We still have to implement something that accounts for node reboots after the initial deployment, i.e. the problem description I have provided in #270 where I've described how pods become unmanaged by Cilium after a node reboot by e.g. kured because they have been scheduled already and start faster than the Cilium pods when the nodes comes back up.

To account for this, my understanding of a potentially feasible solution would be to use @mysticaltech proposal mentioned in #275 (comment) to realize tainting the node again (required due to #275 (comment)) when a reboot occurs (also see #275 (comment) regarding the timing & #275 (comment)). Of course this only accounts for
'safe/regular' node reboots and not power loss or unexpected shutdowns that bypass @mysticaltech proposed solution of a shutdown script - which I would find acceptable.

cc: @mysticaltech

PS: Unfortunately even my weekends are busy currently (birthdays & weddings to attend) so more days will pass until I can personally try out @mysticaltech proposal.

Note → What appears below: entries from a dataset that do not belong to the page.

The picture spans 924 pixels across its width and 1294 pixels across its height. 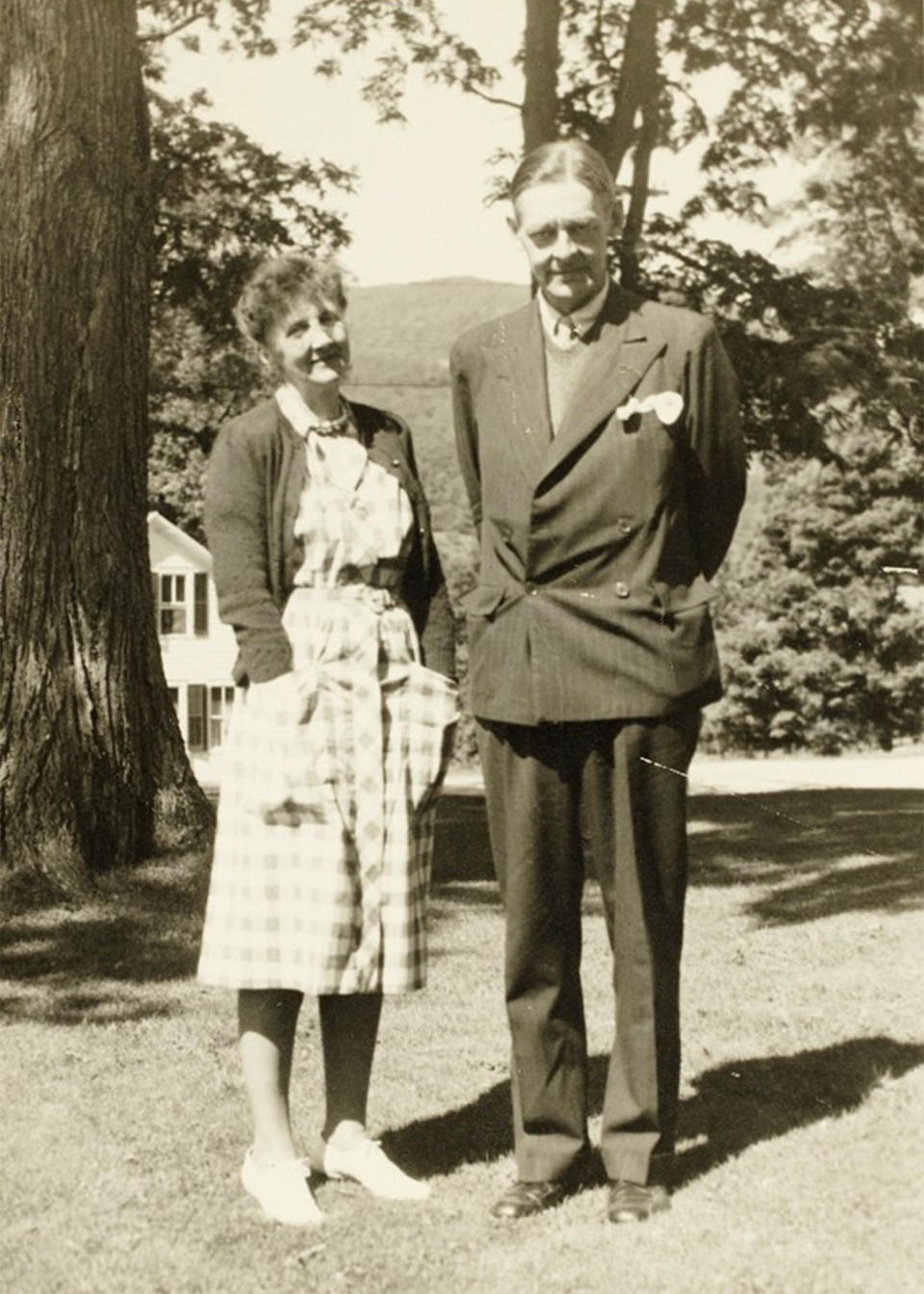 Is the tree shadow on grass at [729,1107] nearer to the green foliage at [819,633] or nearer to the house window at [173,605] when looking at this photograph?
the green foliage at [819,633]

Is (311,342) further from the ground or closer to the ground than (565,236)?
closer to the ground

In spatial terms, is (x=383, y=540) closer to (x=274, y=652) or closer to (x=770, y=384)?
(x=274, y=652)

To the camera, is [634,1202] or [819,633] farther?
[819,633]

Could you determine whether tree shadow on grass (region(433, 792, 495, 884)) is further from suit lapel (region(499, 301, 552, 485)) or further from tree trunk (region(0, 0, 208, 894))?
suit lapel (region(499, 301, 552, 485))

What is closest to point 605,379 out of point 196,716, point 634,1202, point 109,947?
point 634,1202

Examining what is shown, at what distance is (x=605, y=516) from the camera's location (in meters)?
3.67

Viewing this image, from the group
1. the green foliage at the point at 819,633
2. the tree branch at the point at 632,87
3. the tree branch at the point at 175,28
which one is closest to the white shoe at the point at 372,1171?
the tree branch at the point at 632,87

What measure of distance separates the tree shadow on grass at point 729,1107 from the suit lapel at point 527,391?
1642 millimetres

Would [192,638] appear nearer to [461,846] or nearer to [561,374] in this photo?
[461,846]

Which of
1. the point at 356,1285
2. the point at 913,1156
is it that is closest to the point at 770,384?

Happy to hear you are back @mysticaltech to assist with this! 👍

mysticaltech · 2022-08-25T21:36:52Z

@t1murl Thanks for clarifying! Helps a lots. As soon as any of us starts working on this, let's signal it here, so that we do not overlap on the same things. I'll do my best ASAP, if @PurpleBooth doesn't get this sorted before (she tends to be fast when she starts!) And looking forward for a reply to the issue she opened.

PurpleBooth · 2022-08-26T12:34:22Z

For restarts we could do use Kured https://github.com/weaveworks/kured#adding-node-labels-before-and-after-reboots

mysticaltech · 2022-08-26T13:33:08Z

Excellent find, @PurpleBooth; That's another obstacle out of the way!!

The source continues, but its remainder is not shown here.